JAKARTA, KOMPAS.com — Upaya Presiden Joko Widodo membangun koalisi besar dinilai dapat memperlemah bangunan sistem presidensial di Indonesia.
Koalisi besar itu dapat terbangun terutama jika Jokowi mengakomodasi tambahan dukungan dari Partai Amanat Nasional (PAN) dan Partai Golkar ke dalam Kabinet Kerja.
Menurut Guru Besar Ilmu Politik Universitas Airlangga, Ramlan Surbakti, langkah tersebut justru membuka celah bagi partai politik (parpol) untuk membuat gaduh kabinet saat kebijakan yang dikeluarkan Presiden bertentangan dengan kepentingan partai pendukung.
"Terkadang yang membuat sistem presidensial itu lemah ya, perilaku Presiden sendiri yang tidak yakin dengan membangun koalisi besar," kata Ramlan saat dihubungi Kompas.com, Kamis (26/5/2016).
"Padahal, penentuan menteri itu sepenuhnya wewenang presiden dalam sistem presidensial," ujarnya.
Ramlan pun mengatakan, dalam sistem presidensial, pertentangan antara eksekutif dan legislatif merupakan hal yang lumrah. Sebab, lembaga eksekutif dan legislatif sengaja didesain terpisah untuk menjalankan fungsi check and balances.
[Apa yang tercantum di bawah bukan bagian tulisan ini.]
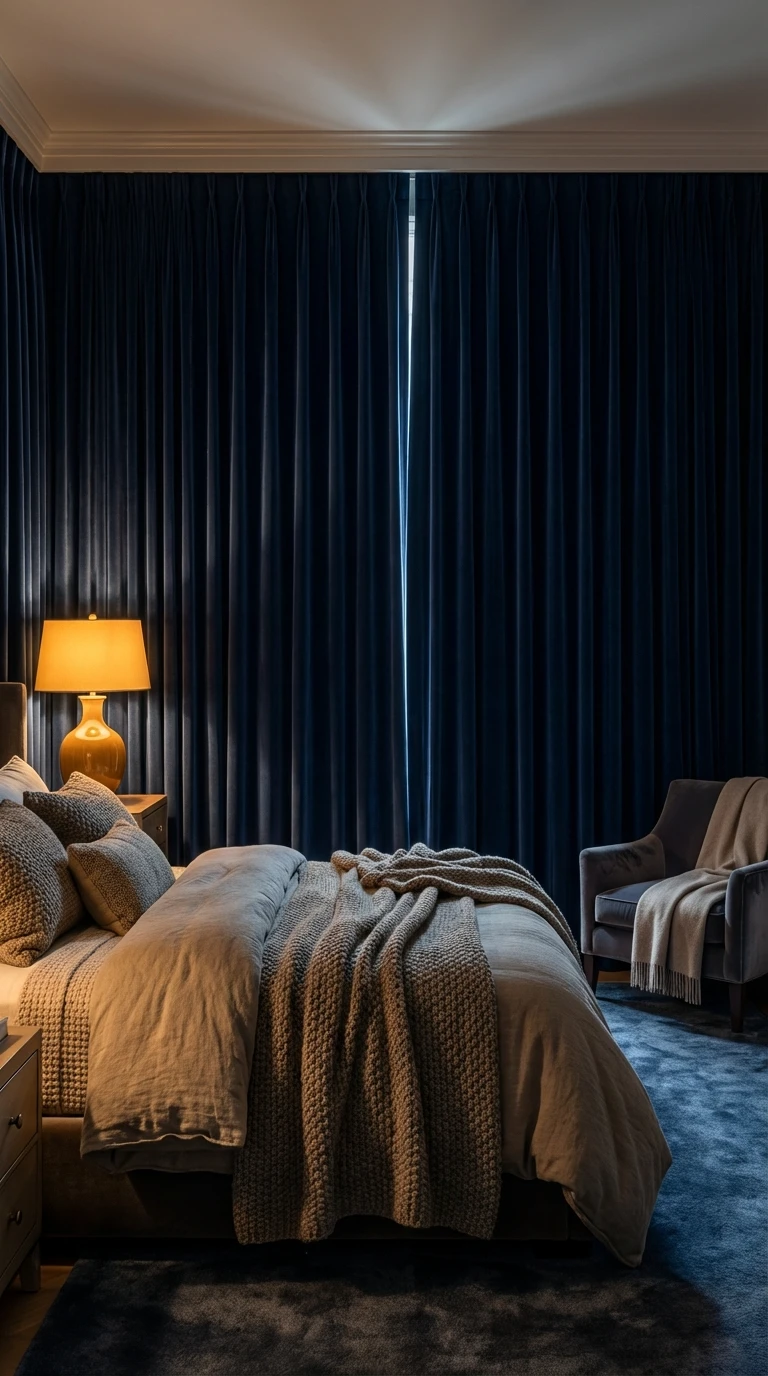 Rideaux épais en velours : isolation sensorielle pour une chambre cocon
"Sehingga, ketika ada pertentangan dalam pembahasan undang-undang atau selainnya di DPR, dialog antara eksekutif dan legislatif dilakukan secara deliberatif, bukan transaksional," kata Ramlan.
Dia juga mengatakan, Presiden tak perlu khawatir dimakzulkan, apalagi mekanisme pemakzulan saat ini tak semudah dulu.
Mekanisme itu antara lain adanya penafsiran dari Mahkamah Konstitusi terlebih dahulu terkait mosi tidak percaya yang diajukan oleh DPR.
"Proses pemakzulan sekarang cukup rumit sehingga Presiden tak perlu khawatir sehingga koalisi dibuat efektif dan efisien saja," tutur Ramlan.
Sebelumnya, beberapa partai yang memberikan dukungannya kepada Presiden Joko Widodo mulai menunjukkan kegaduhan dalam penentuan jabatan penting.
Salah satunya PDI-P terkait posisi Kapolri. PDI-P bersikeras mencalonkan Wakapolri Komjen Budi Gunawan yang pernah ditetapkan tersangka oleh Komisi Pemberantasan Korupsi.
Setelah Budi Gunawan memenangi praperadilan dan Jenderal (Pol) Badrodin Haiti mendekati masa pensiun, PDI-P mendorong Budi Gunawan menjadi Kapolri.
(Baca: Dukung Budi Gunawan Jadi Kapolri, PDI-P Tolak Jabatan Badrodin Diperpanjang)
Padahal, penentuan jabatan Kapolri dalam sistem presidensial merupakan kewenangan mutlak presiden.
Ada pula manuver partai yang mencoba mempertahankan atau memasukkan kadernya ke Kabinet Kerja.
Hal ini dinilai oleh sebagian kalangan sebagai inkonsistensi pelaksanaan sistem presidensial di Indonesia yang diakibatkan terlalu banyaknya partai. Presiden dinilai tersandera oleh kepentingan partai-partai pendukungnya.